◆ Work to be completed:
An exact restatement of the data below, with the pictures removed, is the required answer.

*** Opening Source data ***

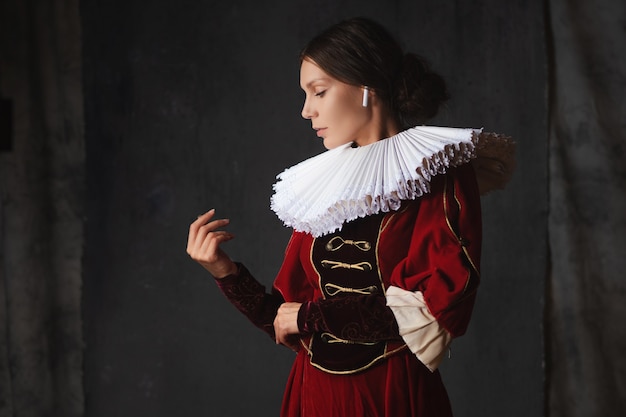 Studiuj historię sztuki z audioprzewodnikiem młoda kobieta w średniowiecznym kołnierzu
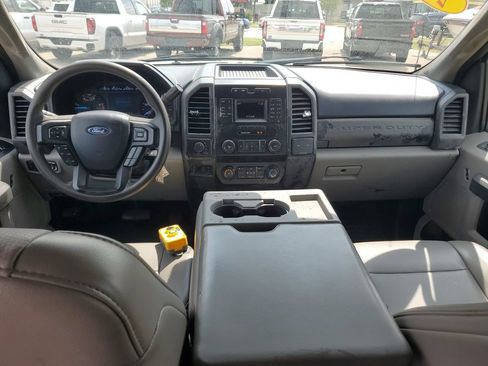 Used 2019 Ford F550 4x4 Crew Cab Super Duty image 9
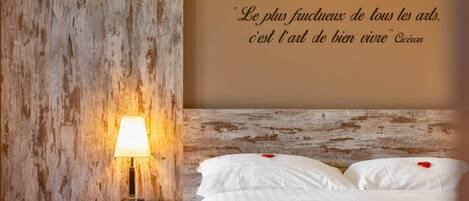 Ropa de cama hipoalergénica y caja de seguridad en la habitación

*** Closing Source data ***

◆ Exercise result:
 Studiuj historię sztuki z audioprzewodnikiem młoda kobieta w średniowiecznym kołnierzu
 Used 2019 Ford F550 4x4 Crew Cab Super Duty image 9
 Ropa de cama hipoalergénica y caja de seguridad en la habitación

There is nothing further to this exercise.